Pero la nueva amenaza es el depósito. «No se puede permitir que llenen de tinglados el pueblo para meter cosas ahí adentro. Yo les dije que busquen otro lugar, que lo hagan lejos de las casas, porque ahí a la par también tenemos una señora que tiene cáncer, hay chicos, hay gente grande. Les tiraría ese veneno con el que fumigan al frente de la casa de ellos, a ver si les gusta», cuestiona. Desde la comuna, la respuesta es que el depósito se utilizará sólo para guardar herramientas.
Las Petacas está ubicada a 50 kilómetros de Sastre, donde la organización de los vecinos logró un fallo judicial que estableció una distancia de 1.000 metros para las fumigaciones. Actualmente el fallo tiene un recurso directo ante la Corte Suprema de Justicia de la Nación. También está distante, a 30 kilómetros, de San Jorge, donde en 2010 se consiguió otro fallo emblemático. Sin embargo, en Las Petacas no hay ninguna normativa de protección. Toda la zona presenta los mismos problemas: la afección por los agrotóxicos. «Son pueblos olvidados del mundo, son lugares chicos donde mandan los sojeros», denuncia Horacio Brignone de Vecinos autoconvocados de las localidades de María Juana y Sastre.
El activista socioambiental explica: «En general los mosquitos se guardan en galpones, en la periferia de los pueblos, pero son lugares que tienen un diámetro de seis o siete cuadras. Y los guardan ahí porque el campo está totalmente despoblado. No hay galpones, no hay nadie y dejar un mosquito ahí es carne de cañón para que te lo afanen. En los pueblos, donde mandan ellos, hacen lo que quieren».

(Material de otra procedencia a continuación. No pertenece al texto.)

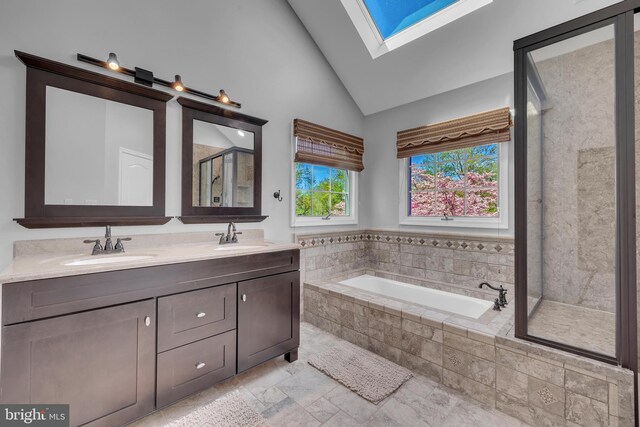 4 Stults Dr, Plainsboro, NJ 08536 - bathroom featuring a skylight, a stall shower, a garden tub, double vanity, and high vaulted ceiling
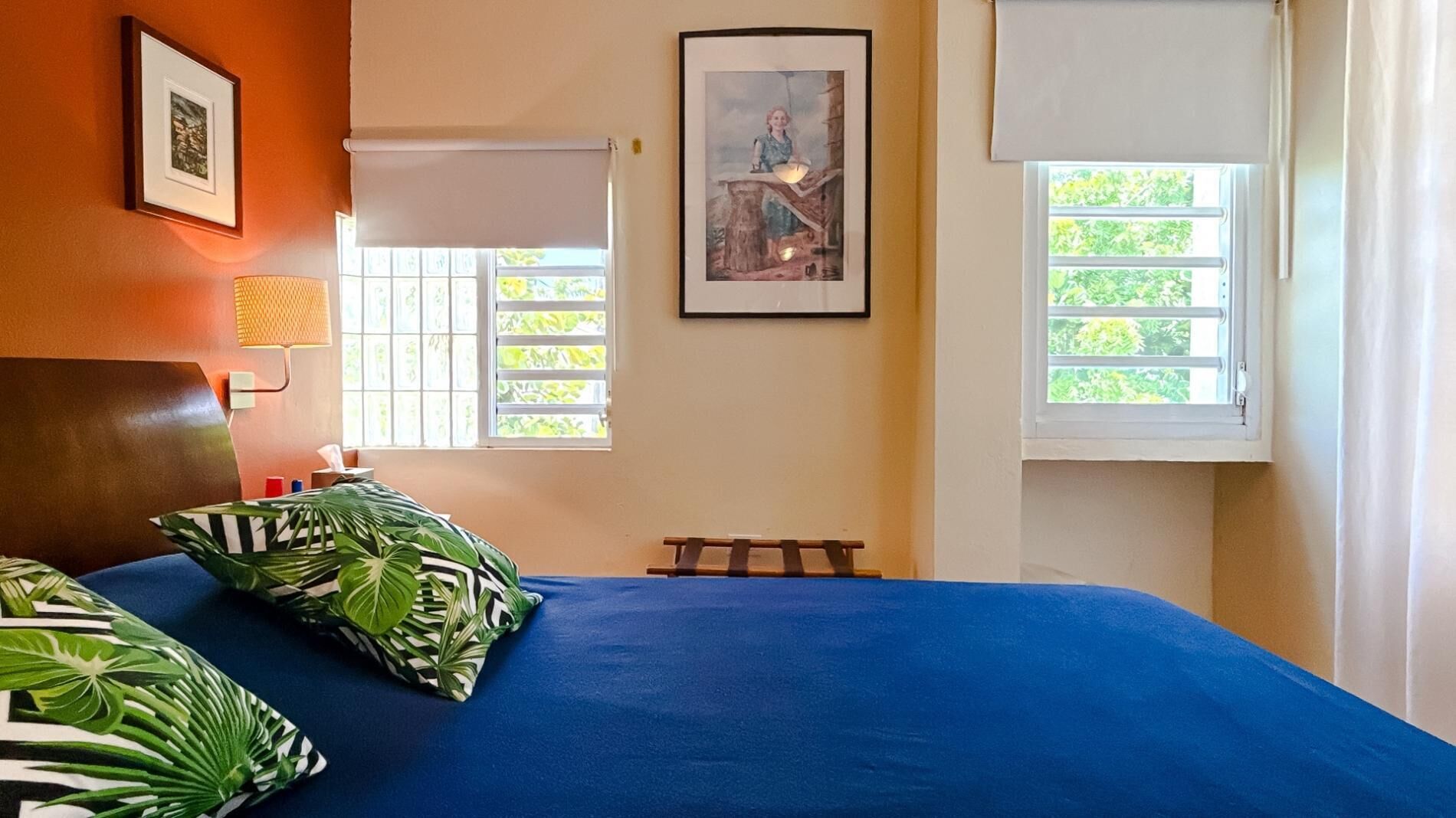 A bedroom with a blue bedspread, two pillows with a tropical leaf pattern, a framed picture on the wall, and two windows with white blinds.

También cuenta que estos hechos generaron quejas de los vecinos, pero «pasa el tiempo y no hay apoyo de las autoridades, que están más bien con quienes fumigan, pues son casi empleados de ellos o son ellos mismos productores agropecuarios», contextualiza. «Todo eso desanima a los vecinos que reclaman. Tenés que tener mucha tenacidad y constancia. En Sastre, durante y después de toda la movida que generó el fallo, hubo muchos aprietes».
La situación de inacción en términos legislativos se replica en la Legislatura provincial. «El fallo de San Jorge encendió una luz de alarma y se hicieron simulacros para sacar normas provinciales, pero nunca se llegó a nada. Los legisladores siempre están del lado de los productores, no conocen nuestra realidad», lamenta Brignone.